MONTREAL — Some of Quebec’s best-known female directors — among them Léa Pool and Manon Barbeau — say women aren’t getting their fair share of public filmmaking cash and are calling on the likes of Telefilm Canada and SODEC to set things right.

In an open letter published Thursday, International Women’s Day, in Montreal newspapers including Le Devoir and La Presse, the filmmakers blame indifferent public funding bodies, broadcasters and producers for shutting women out of the Quebec film industry.

‘We are alarmed by these figures,’ it reads. ‘We have been waiting for the balance to shift in our favour… but this is something that hasn’t happened.’

‘Shouldn’t a healthy film and television industry reflect a diversity of points of view?’

The filmmakers — working together as ‘Réalisatrices Équitables’ or ‘Female directors for Equity’ — maintain that female-directed projects backed by funders such as Telefilm and SODEC tend to be small-budget. Although women helmed almost a quarter of the films funded by SODEC in 2005/06, those projects received only 14% of the provincial agency’s total allotment, they say.
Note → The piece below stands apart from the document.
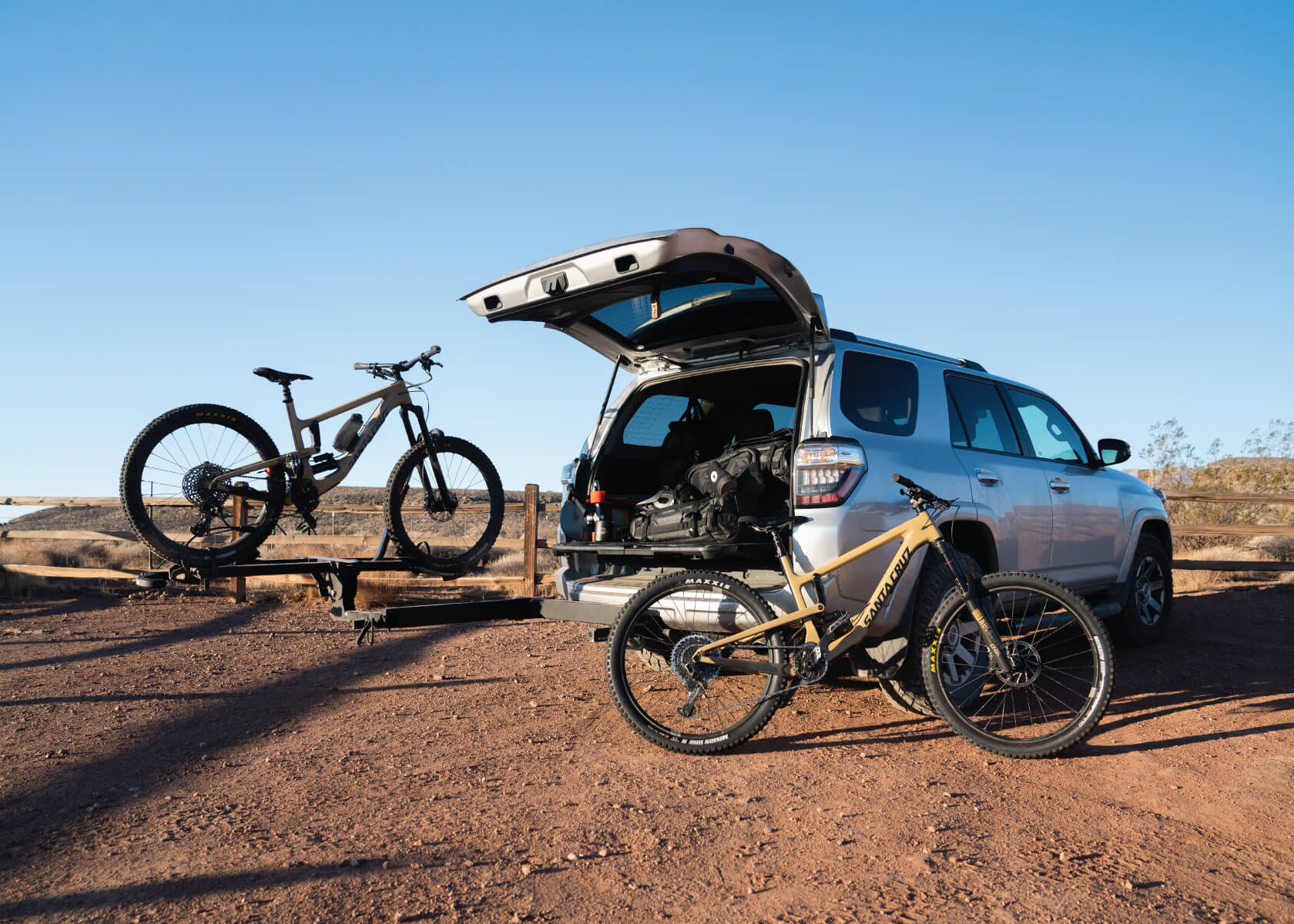 Two bicycles sitting in front of a car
The group also says women appear to be working less, noting that in 1985/86 they directed 16% of the projects funded by SODEC’s production envelope (for both documentary and fiction). Today, that proportion has dropped to 14%. This despite evidence that more women are working in the industry than 20 years ago.
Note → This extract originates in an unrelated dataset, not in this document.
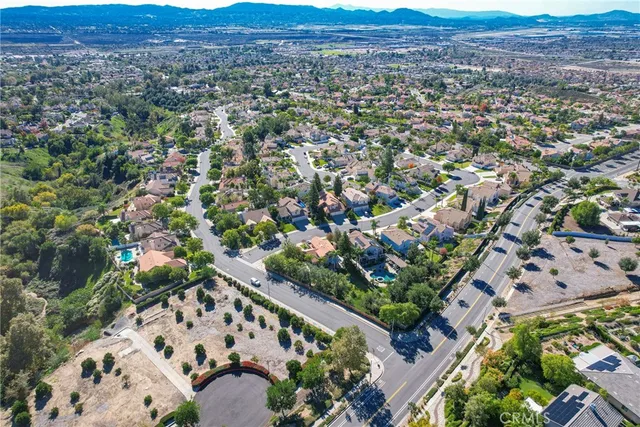 an aerial view of multiple houses with yard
‘We are sounding the alarm bell. Something is wrong,’ said Pool (The Blue Butterfly, Set Me Free) in a telephone interview with Playback Daily from her home in Montreal. ‘I don’t understand it. I teach film and the classes are half women, half men. I see lots of talent, but for some reason they don’t make it to the shooting stage.’ Pool has been an instructor at the Université du Québec à Montréal and at the Institut national de l’image et du son.
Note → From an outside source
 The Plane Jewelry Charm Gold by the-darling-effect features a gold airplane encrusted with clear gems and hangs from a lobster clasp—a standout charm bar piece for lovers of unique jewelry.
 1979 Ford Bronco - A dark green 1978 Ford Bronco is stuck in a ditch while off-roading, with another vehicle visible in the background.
A recent study by the B.C. Institute of Film Professionals also found that women in that province have made few gains as directors, writers and cinematographers since the 1980s.

Pool believes women get discouraged before they apply for funding because female stories might not fit the standard industry criteria for what makes a good film.

‘The female imagination is different. Perhaps the writing is different. And our ideas about what movies are supposed to be like have largely been developed by men,’ she says. ‘Broadcasters and distributors are concerned with how they can market the film, and if they don’t like your idea and get onside, you can’t get money.’

Pool, who considers herself privileged because she is constantly working, believes a comprehensive study is needed to get to the bottom of why there aren’t more successful women filmmakers in Quebec.

SODEC did not return calls to Playback Daily, but a spokeswoman for Telefilm points out that producers, not directors, apply for funding. ‘We fund production houses. It’s not Telefilm Canada who decides who a producer picks to direct his project,’ says Janine Basile.

But director Nicole Giguère (Entretien avec Anne Claire Poirier) maintains that Telefilm must be held accountable because the funding agencies know who will direct a project when a film is submitted for funding.

‘From the beginning there is always a director associated with a project, and often they are the writer. It’s rarely a question of the producer choosing the director after the project is funded,’ she says.

Filmmakers Philippe Falardeau, Serge Giguère, Jean-Pierre Lefevbre and Arnaud Bouquet also signed the letter.